The hard-edged pixel art that we see on modern sets is likely not at all what the art and effects teams who worked on these games intended. Their design decisions took into account the blurring effect of the target display device.

[0] Namely, NTSC/PAL CRT TV sets.


I've seen a few 1080p videos (via Dolphin) of a Wii game I worked on a few years ago, and something similar applies. All the cut corners, ignored bugs and LOD distance settings were chosen assuming 640x480. All much easier to spot at 1080p :(


What do you think of Dolphin and its team as a console dev?

I expect you have to keep pretty far away from that stuff, the same as ReactOS/WINE had to stay away from MS source code years ago.


Or rather increasing quality. Precision != quality in many cases. Low-quality audio/visual mediums are often preferable over ultra-precision ones in many cases e.g. a common technique with guitar music is to distort the sound it makes.


Very true. I actually paid 400$ for an XRGB mini video upscaler not mainly because it could convert the output from 240p or 480i to 1080p, but because it can also add scanlines which actually reduces precision by a lot.

Yet it increases quality because these games were back then developed to work best with old CRT TVs that could only show interlaced video.


Whenever I see a highly technical article on HN with many upvotes and few comments, I know it will be quality. Nothing much needs to be said, it stands on its own. Great work.


Meta-offtopic: What a nice title in this day and age of SEO-optimized clickbait headlines (e.g. You'll Never Believe The Hack Sega Saturn Used to Make a Spotlight in the Mega Man Games!)...admittedly, I clicked because I don't know the author (or his blog) and had no idea what "Transparency" meant...I figured it about Sega obfuscating specs/sales figures, and that this was going to be another retrospective on how Sega lost the console war. I was wrong but didn't feel misled...the article is indeed about transparency...I just didn't think how an old console achieved transparency effects would normally be a topic for a blog post today (unless it's for a very very old system, like the NES, in which it is fascinating to learn how effects were achieved back then)...It's great to read indepth inspection of such "little" effects, the workings of which often illustrate fundamental concepts about computing.

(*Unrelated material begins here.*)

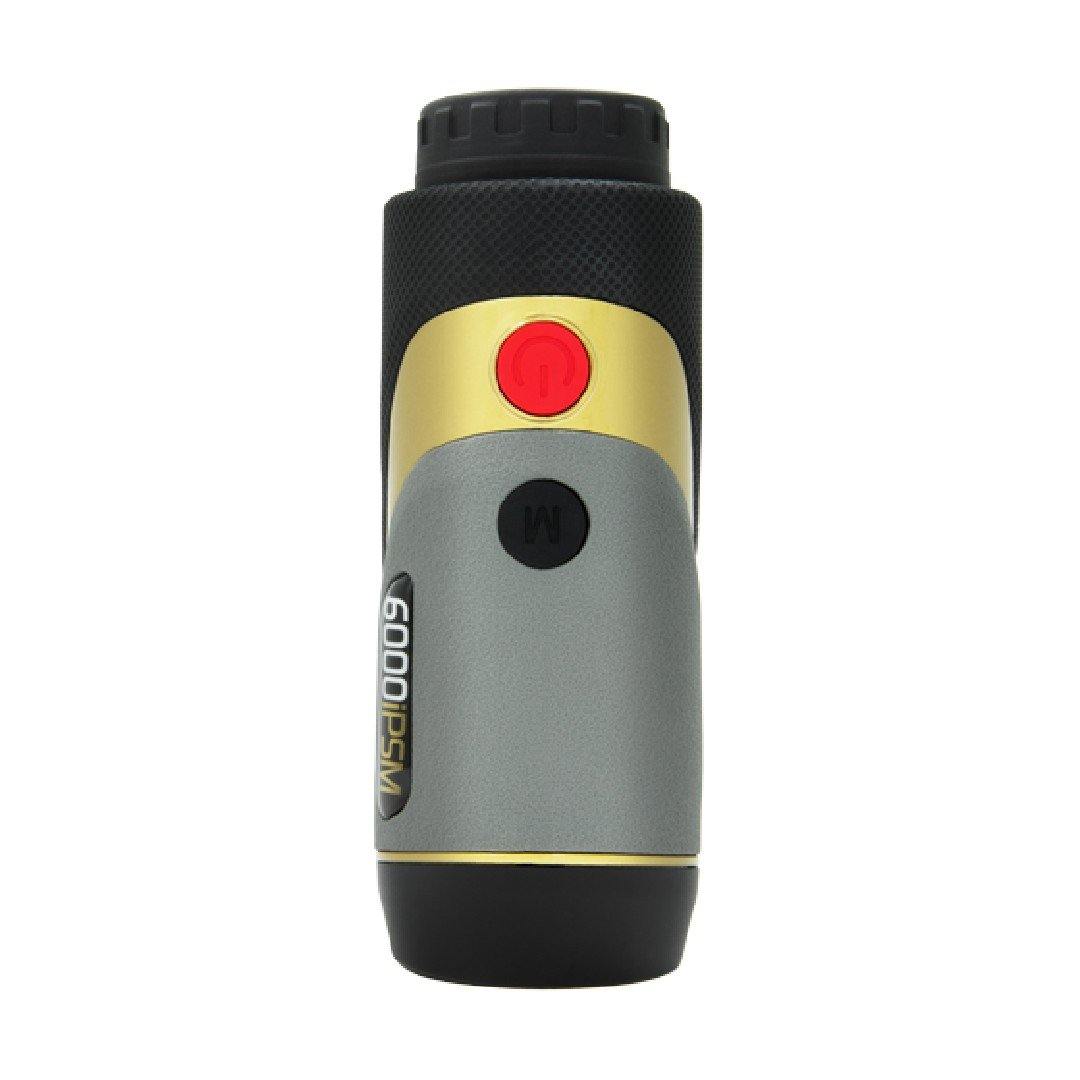 Sureshot PINLOC 6000iPSM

Also OT: I had never heard of Wintersmith, which the author uses for his blog, but it looks like a pretty capable Jekyll-like site generator in node: http://wintersmith.io


I use my Sega Saturn with RGB Scart and a custom line doubler (for use with a modern TV). I actually find the mesh to be a charming SS feature if you will.

Very cool article.


The main thing that surprised me in this article was learning that the Saturn had eight processors. Was that an outlier for consoles at the time?

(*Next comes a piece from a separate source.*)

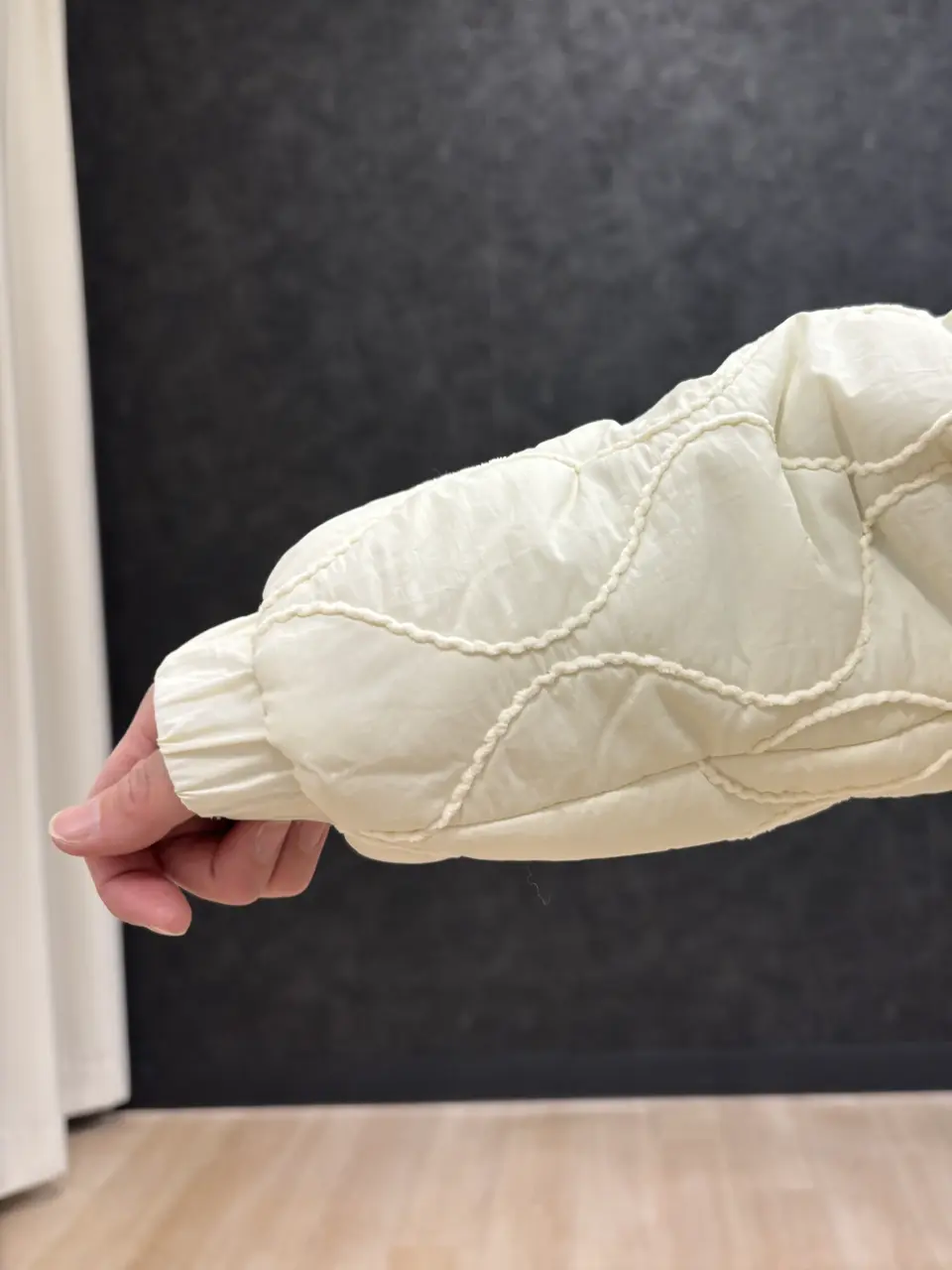 ONWARD CROSSET SELECT 濱 コーディネート画像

Yes. Though it was certainly common for consoles to have more than one processor (you usually had a handful of special-purpose cores), eight is pretty excessive.


This is why a Saturn emulator was thought to be impossible for a long time. I just looked around and there seem to be some Saturn emulators around, but I did not test them and do not know how good they work - does anybody know? :-)


There is only one truly good emulator and that is SSF. The others may only emulate a percentage of some of the processors accurately. SSF is by an unknown Japanese author that some believe may have worked at Sega on the Saturn.